- **DATA SUPPLIED**:
Content starts
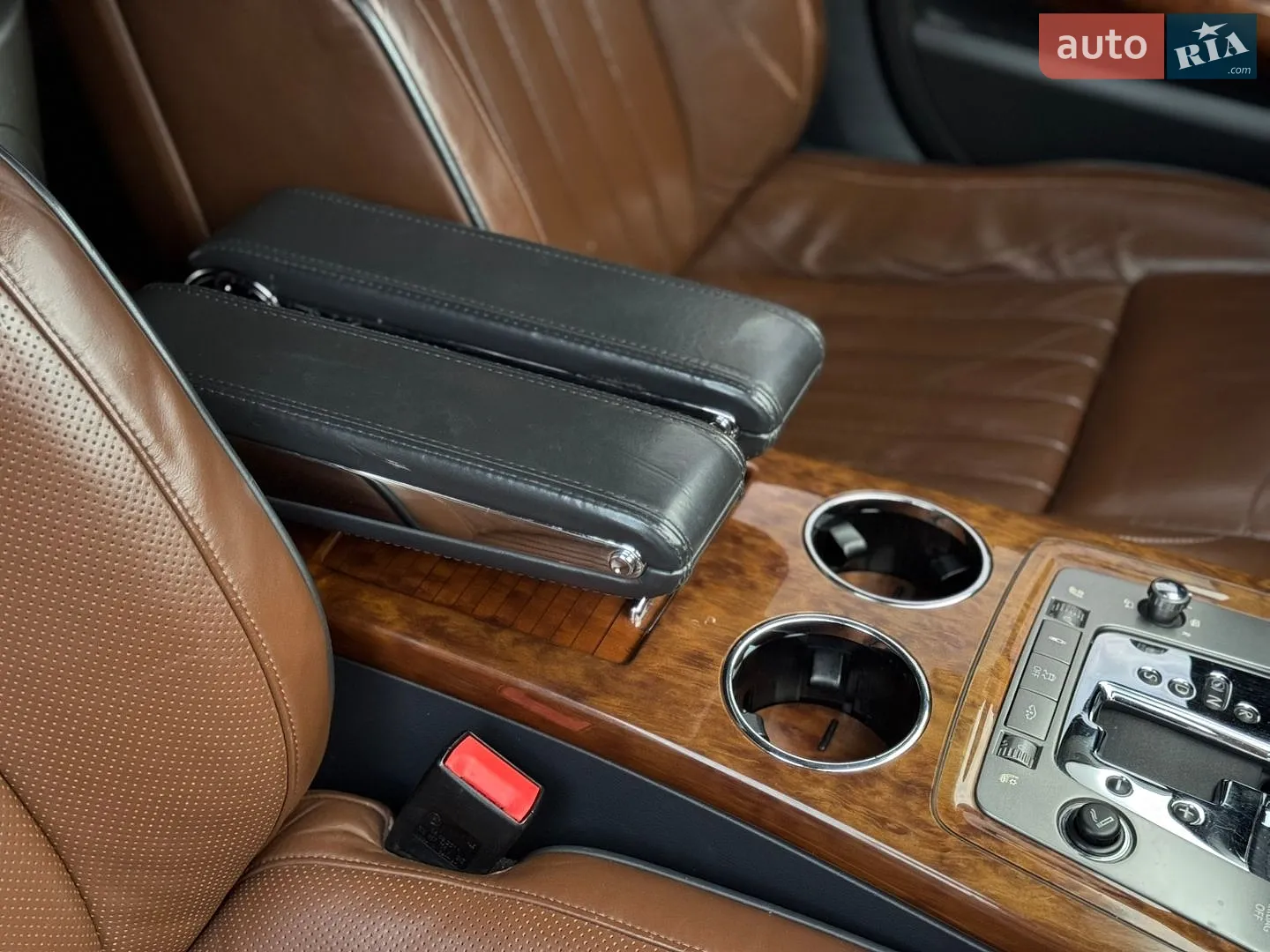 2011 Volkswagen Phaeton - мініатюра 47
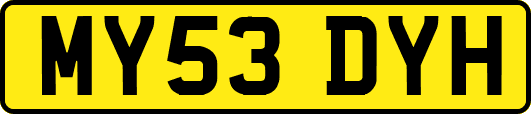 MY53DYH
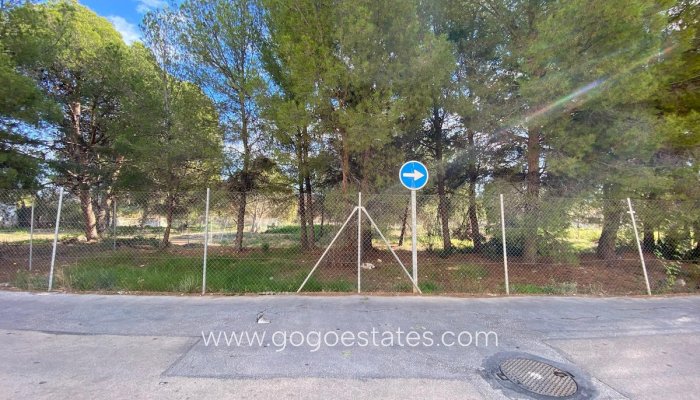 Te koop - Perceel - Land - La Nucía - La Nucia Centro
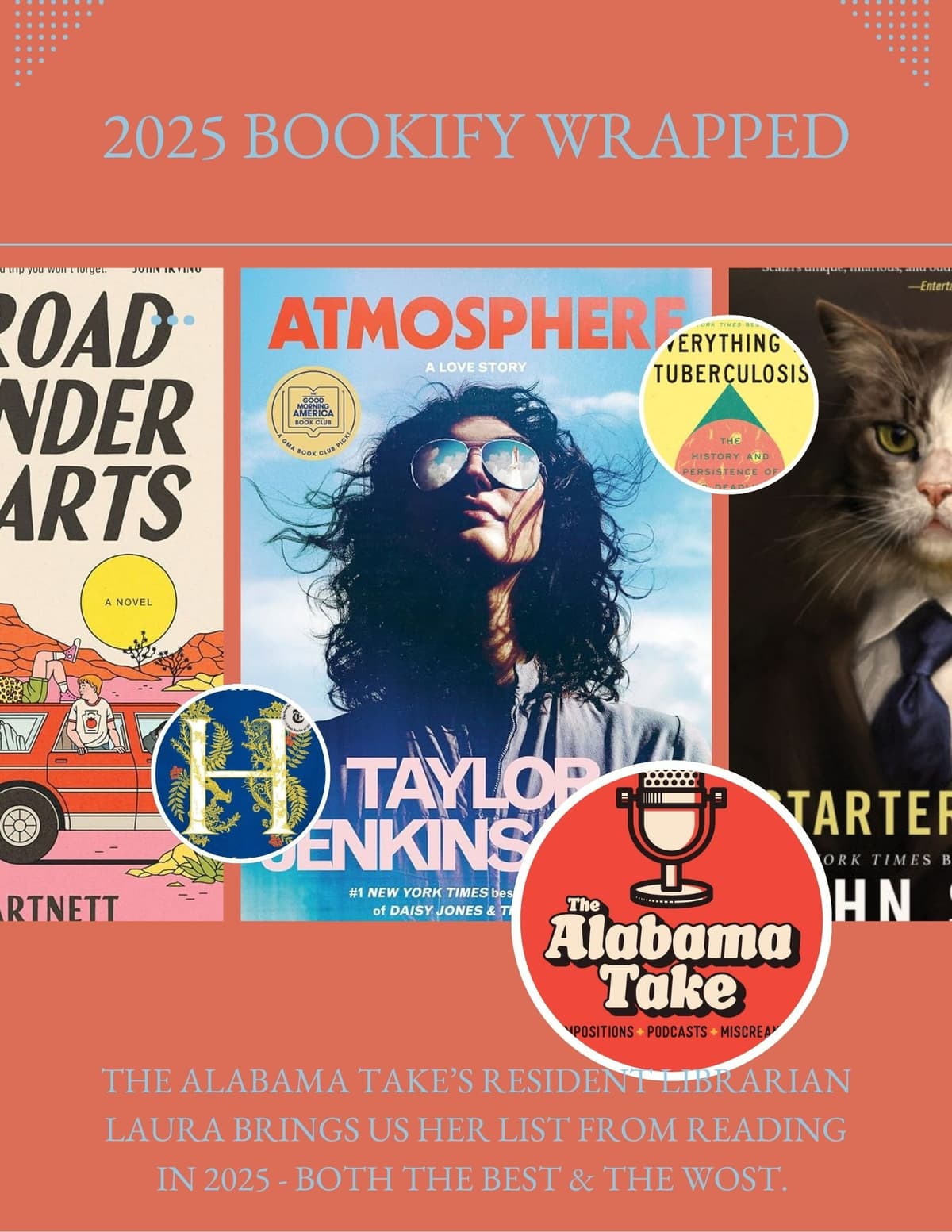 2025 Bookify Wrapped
Content ends
Content starts
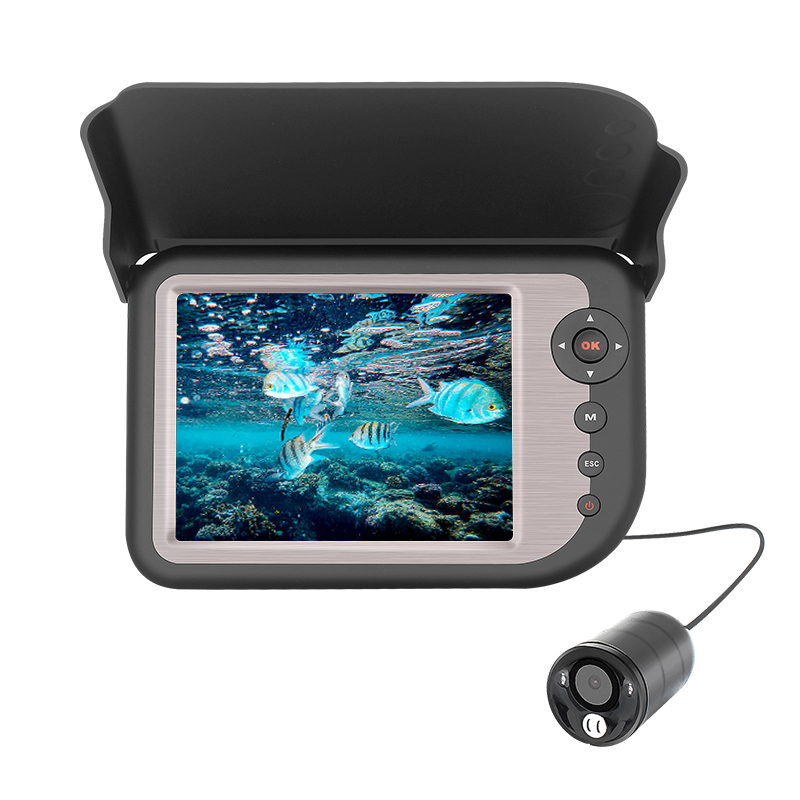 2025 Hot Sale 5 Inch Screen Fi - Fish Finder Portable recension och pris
Content ends
- **EXERCISE REQUIREMENTS**: Reproduce exactly the lines above that run from the one with "2011 Volkswagen Phaeton - мініатюра 47" to the one with "2025 Bookify Wrapped", both included, leaving pictures out.

- **WRITTEN ANSWER**:
 2011 Volkswagen Phaeton - мініатюра 47
 MY53DYH
 Te koop - Perceel - Land - La Nucía - La Nucia Centro
 2025 Bookify Wrapped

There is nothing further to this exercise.